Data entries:
************
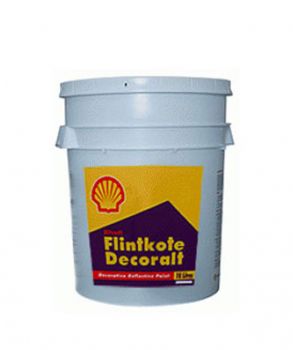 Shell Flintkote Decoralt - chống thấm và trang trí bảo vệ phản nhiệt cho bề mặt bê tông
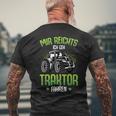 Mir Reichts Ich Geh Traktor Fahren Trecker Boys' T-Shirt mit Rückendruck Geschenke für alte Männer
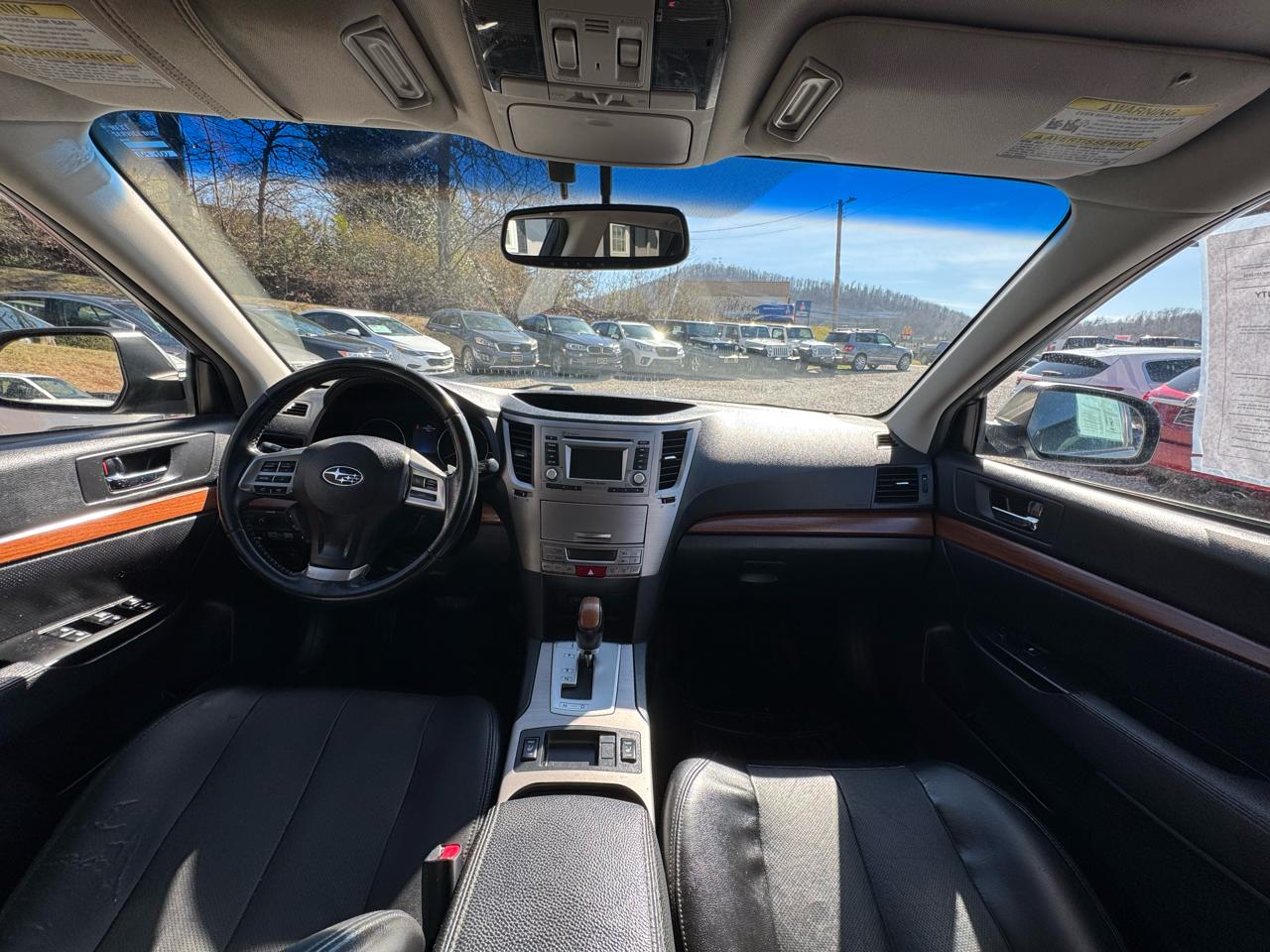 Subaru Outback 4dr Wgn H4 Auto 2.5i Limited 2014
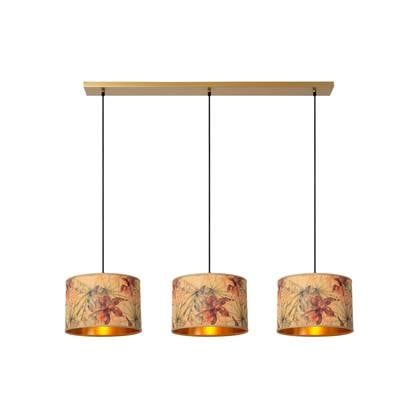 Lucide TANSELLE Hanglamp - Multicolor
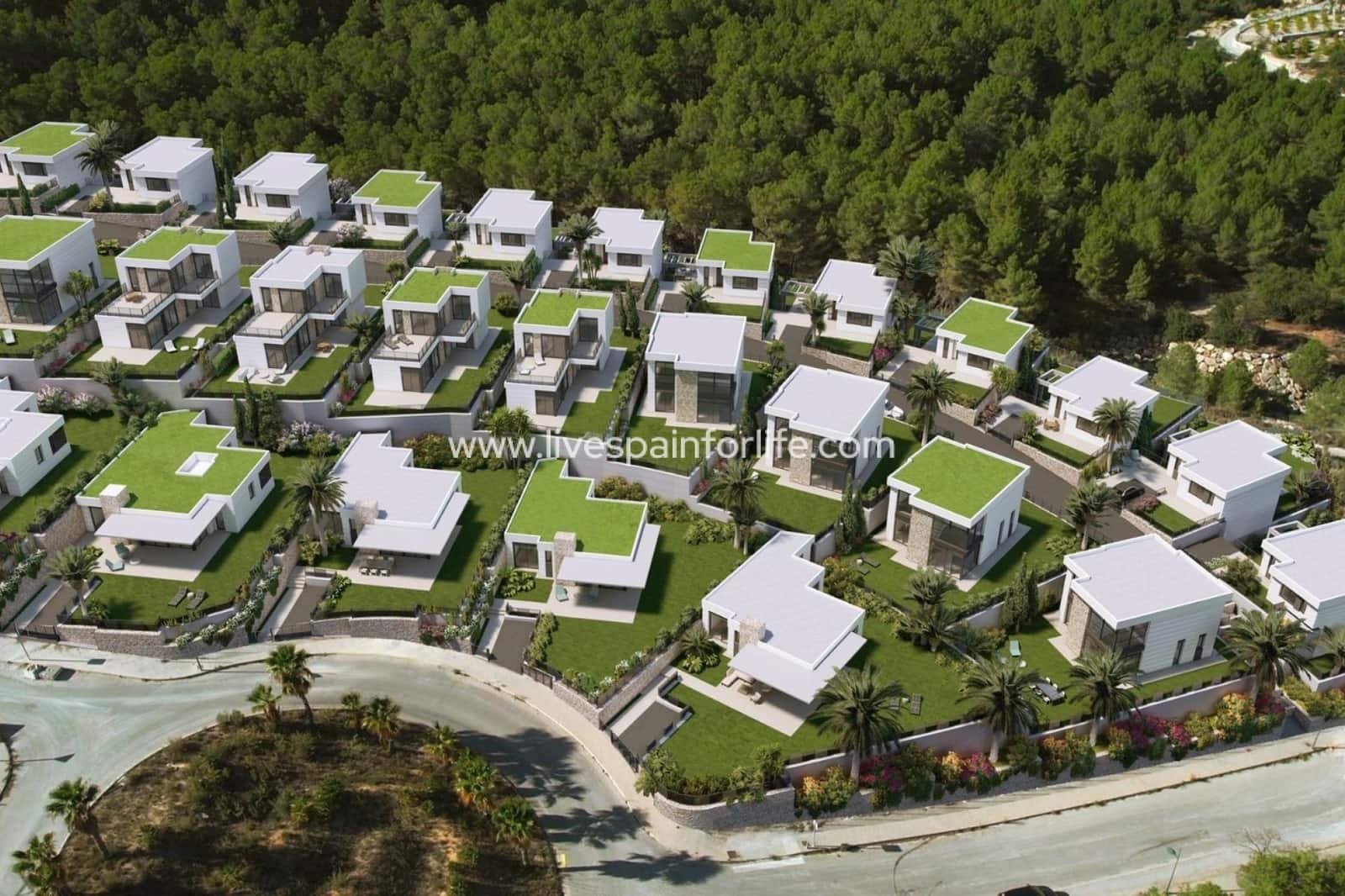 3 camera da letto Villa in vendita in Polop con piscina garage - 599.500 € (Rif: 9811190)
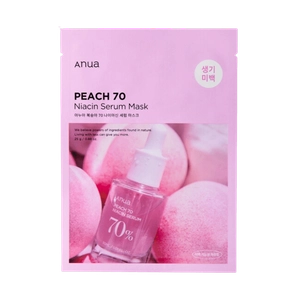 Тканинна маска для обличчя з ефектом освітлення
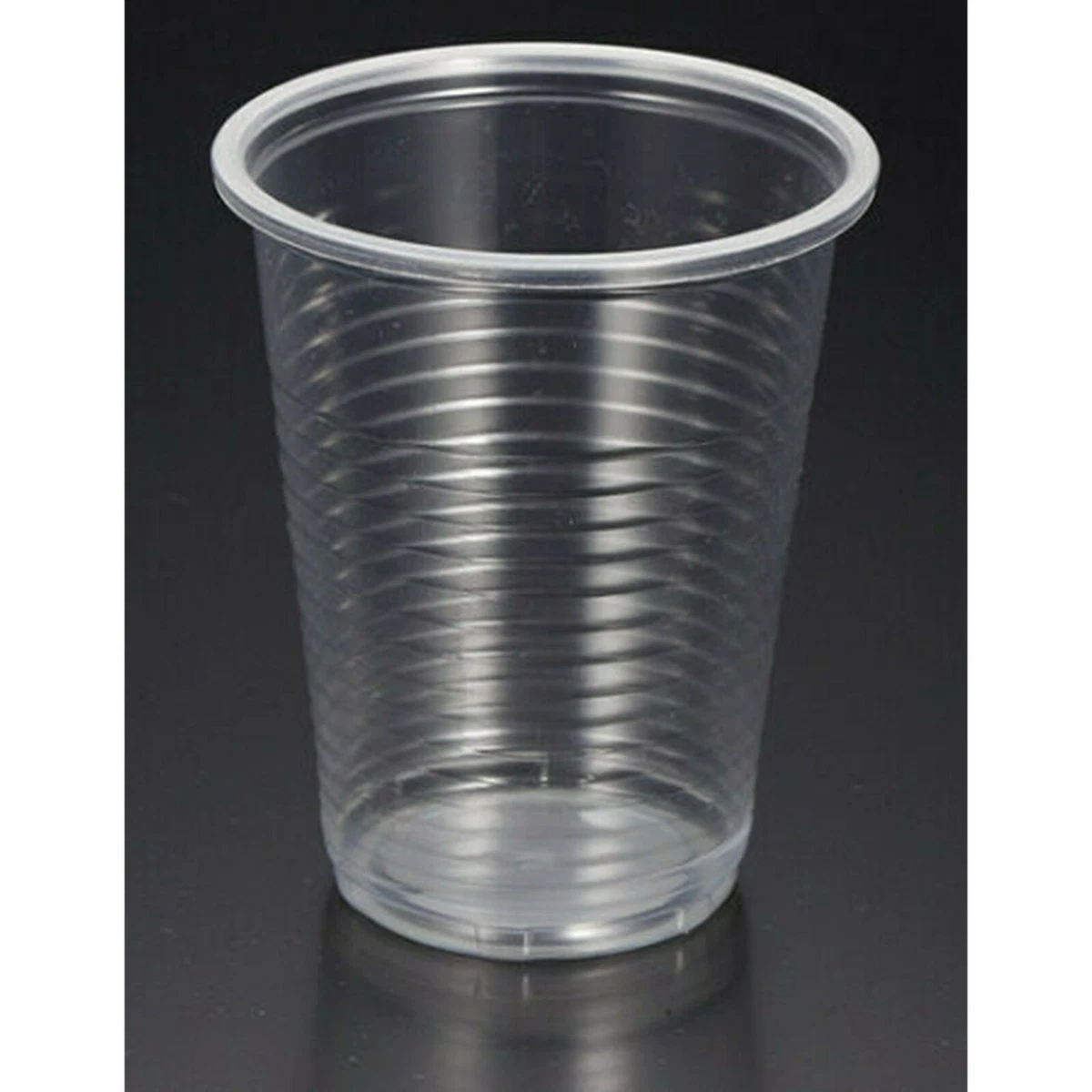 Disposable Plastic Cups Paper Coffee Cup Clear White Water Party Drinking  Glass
************
* _EXERCISE DIRECTIONS_
The data must be reproduced exactly, and no picture may appear in the copy.

* _EXERCISE RESULT_
 Shell Flintkote Decoralt - chống thấm và trang trí bảo vệ phản nhiệt cho bề mặt bê tông
 Mir Reichts Ich Geh Traktor Fahren Trecker Boys' T-Shirt mit Rückendruck Geschenke für alte Männer
 Subaru Outback 4dr Wgn H4 Auto 2.5i Limited 2014
 Lucide TANSELLE Hanglamp - Multicolor
 3 camera da letto Villa in vendita in Polop con piscina garage - 599.500 € (Rif: 9811190)
 Тканинна маска для обличчя з ефектом освітлення
 Disposable Plastic Cups Paper Coffee Cup Clear White Water Party Drinking  Glass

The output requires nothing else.